PROBLEM
Skip pictures in the listing below; copy exactly the lines from the one with "Gray Contour Memory" through the one with "Casă de marcat", inclusive.

EXTRACTED RECORDS
+++

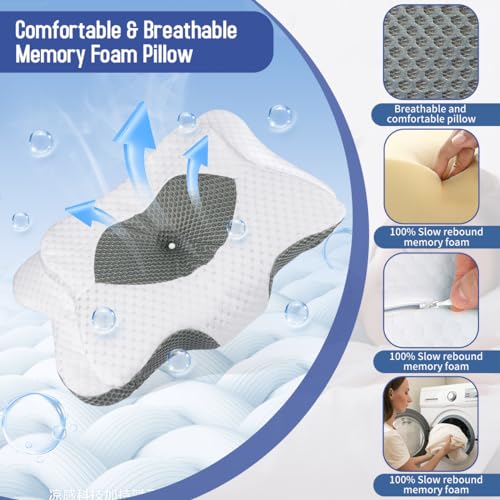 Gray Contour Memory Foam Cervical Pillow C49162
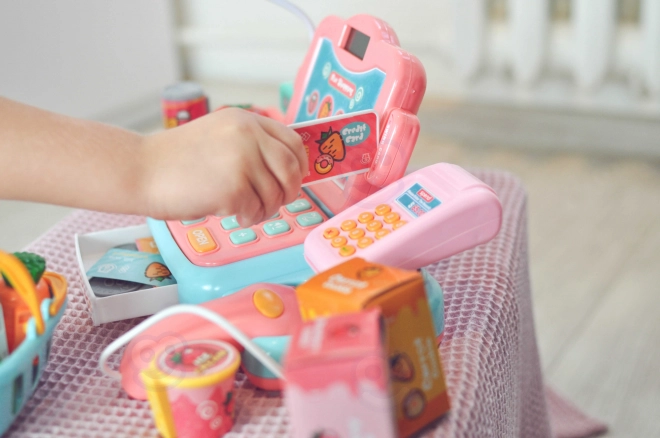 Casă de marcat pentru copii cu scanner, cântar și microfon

+++

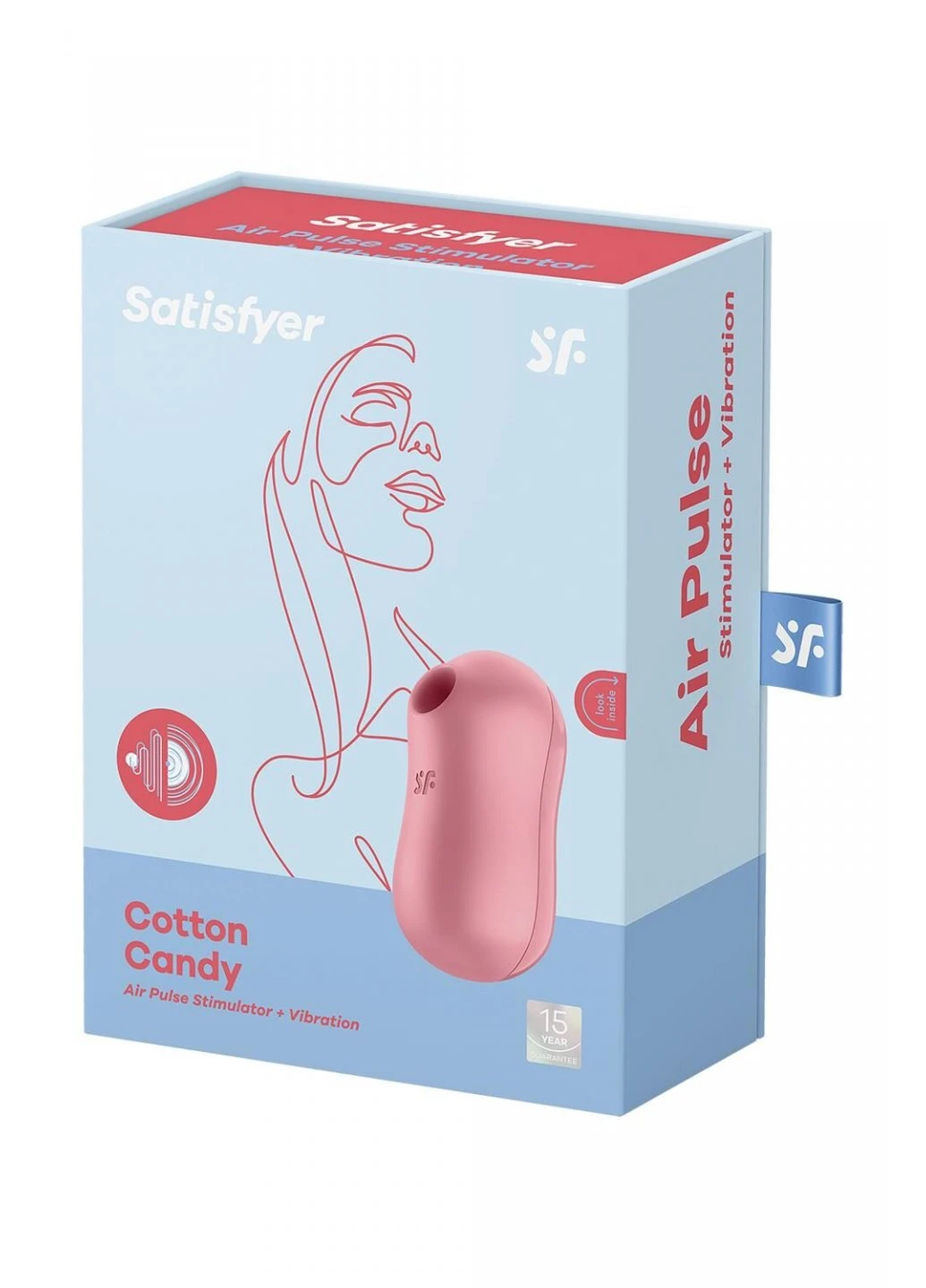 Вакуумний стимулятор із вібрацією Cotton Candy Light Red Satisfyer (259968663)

+++

ANSWER BOX
 Gray Contour Memory Foam Cervical Pillow C49162
 Casă de marcat pentru copii cu scanner, cântar și microfon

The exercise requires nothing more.